Mさんは息子2人と娘1人がいるシングルマザーです。
2人の息子さんはとうの昔に結婚し家を出ています。

息子さんが独立してからは娘さんと暮らしていたのですが、娘さんも結婚が決まり家を出ることになりました。

これまで暮らしていたマンションはファミリー向けなので、1人では広すぎると考えたMさんは引っ越しをすることにしました。

Mさんは1人暮らしに向け、子どもたちが置いていった家具や不用品を処分することにしました。

地域により異なるかもしれませんが、粗大ゴミ収集は指定日の朝に出すというルールになっています。
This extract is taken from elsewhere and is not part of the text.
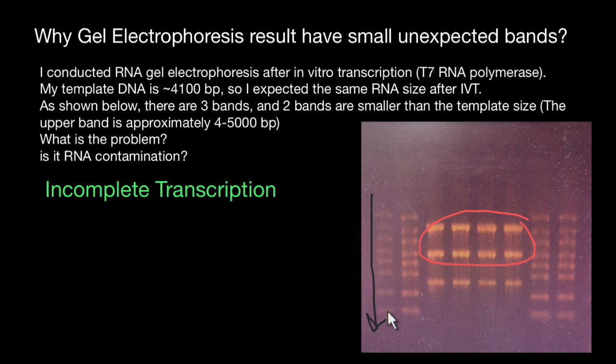Premature termination can happen due to various factors such as template secondary structure, incomplete removal of inhibitors, or suboptimal reaction conditions. You can try optimizing the reaction conditions, including adjusting the concentrations of nucleotides, enzymes, template, and incubation time.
しかし仕事のある平日の朝、女手ひとつで大物家具や大量の家具を出すことは無理難題。

Mさんは、ゴミ捨て場の空きスペースに前もって粗大ゴミを置かせてもらう許可を取りました。

収集日に直近の休日、大物家具は息子さんに運んでもらい、自分で運べる物は5日くらい前から徐々に運び出すという段取り。

粗大ゴミシールは、数量が確定したら購入する予定。
予想では1万円くらい。

結構な出費ですが「これでサッパリするのだからヨシとしよう!」と本気で断捨離に挑んだそうです。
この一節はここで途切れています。